В 1985 г. в Новгороде на Троицком раскопе, в слоях второй половины XIII в., была найдена берестяная грамота (ей присвоен № 636), написанная твердым и решительным почерком и содержащая следующий текст: «Пришьль искоупникъ ис Полоцька. А рать поведае великоу. А водаить пошьниць во засадоу».
«Искоупникъ» — очевидное производное слово от слова «искоупъ», что значит «выкуп» (см. Словарь Срезневского). Это слово не зафиксировано в древнерусских текстах, но смысл его самоочевиден: искупник — человек, выкупленный из плена, или же человек, который осуществлял выкуп пленных. Здесь более вероятно первое значение; в противном случае искупника назвали бы по имени. Не исключено, что выкуп пленного был результатом частной инициативы. В духовной Климента середины XIII в. в числе наследников имущества завещателя назван некий Андрей Воинович: «то же есмь не даромъ далъ, платилъ за мене Данило и Воинъ искупъ литовьскыи».1
Искупник пришел из Полоцка. В 60-е годы XIII в. Полоцк переживает весьма драматические события. Еще в 1262 г. Новгород находился в активном союзе с литовским полоцким князем Товтивилом, участвуя вместе с ним в походе на Юрьев Немецкий.2 В 1263 г., однако, «бысть мятеж в Литве..., и убиша великого князя Миньдовга свои сродичи; распрешася убиица Миндовговы и о товарех его, и убиша князя Полотцкаго Товтовила, а бояре его исковаша, и просиша у Полочан и сына Товтовилова убити, он же беже в Новъгород со двором своим, а Литва посадиша в Полотце своего князя, а Полочан пустиша, которых имали со князем их, и мир взяша».3 В 1265 г. после победы сына Миндовга Войшелга 300 литовцев с женами и детьми «въбегоша» в Псков, где они были крещены князем Святославом, «а новгородци хотеша их исещи, нъ не выда их князь Ярослав и не избъени быша».4 В 1266 г. с вокняжением в Пскове Довмонта начинается его ожесточенная борьба с Герденем; летописец, рассказывая о ней, употребляет такой же, как в грамоте № 636, фразеологический оборот: «стражие же видевше рать велику».5 Возникла существенная разница в оценке действий Довмонта между великим князем Ярославом Ярославичем и новгородцами.
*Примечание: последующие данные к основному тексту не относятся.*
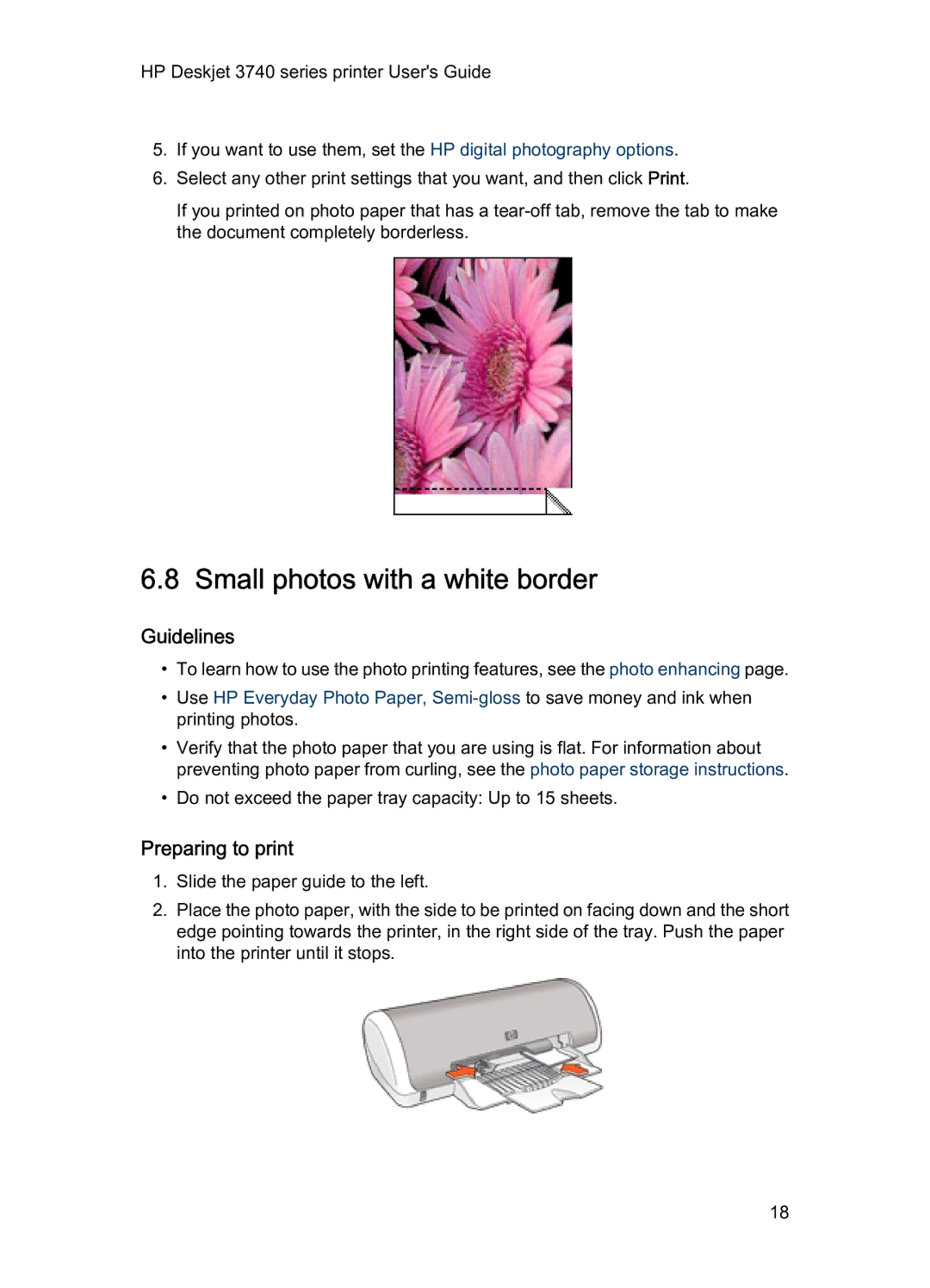 HP 3740 manual Small photos with a white border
Ярослав привел низовские полки в Новгород, «хотя ити на Пльсков на Довмонта»; новгородцы же «възбраниша ему, глаголюще: "оли, княже, тобе с нами уведавъшеся, тоже ехати в Пльсков"; князь же отсла полкы назадь».6 В следующем, 1267 г., «ходиша новгородци с Елеферьемь Сбыславичемь и с Доумонтом съ пльсковици на Литву, и много их повоеваша»?7 Наконец, в 1268 г. «сдумаша новгородци с князем своимь Юрьемь, хотеша ити на Литву, а инии на Полтеск, а инии за Нарову. И яко быша на Дубровне, бысть распря, и въспятишася и поидоша за Нарову к Раковору».8 С одним из этапов этой цепи событий, вероятно, и связывается берестяная грамота № 636.
Искупник «рать поведае велику», т. е. сообщает о большом войске или же о серьезных военных действиях. Существо документа, таким образом, состоит в том, что он является военным донесением, основанным на сообщении пришедшего из Полоцка человека о готовящемся там войске, очевидно, враждебном Новгороду. Такая ситуация постоянна начиная с 1263 г.
Вторая часть письма содержит просьбу прислать пшеницу (хлеб, провиант) в «засаду». Засадой назывался или отряд войска, помещенный в скрытом месте для нападения на неприятеля, или же военный отряд, находившийся в городе для его защиты (см. Словарь Срезневского). Здесь больше подходит второе значение. Очевидно, новгородский полк или гарнизон, особо нуждающийся в дополнительном провианте ввиду предстоящего нападения вражеской «великой рати», ожидает приближения литовцев со стороны Полоцка. Такое сочетание обстоятельств близко совпадает с ситуацией 1265 г., когда какие-то новгородские силы во главе с князем Ярославом находились в Пскове, готовые учинить расправу над тремястами литовцами. За год до этого произошло свержение и убийство Товтивила в Полоцке с пленением литовцами полочан и предоставление убежища сыну Товтовила в Новгороде. Появление искупника в качестве военного осведомителя в такой момент представляется вполне логичным. Однако местом написания грамоты № 636 может быть и любая крепость на новгородско-литовском пограничье. Локализация этой крепости стала возможной спустя четыре года после находки грамоты № 636, когда в 1989 г. на Троицком раскопе была обнаружена берестяная грамота № 704, происходящая из слоев середины XIII в.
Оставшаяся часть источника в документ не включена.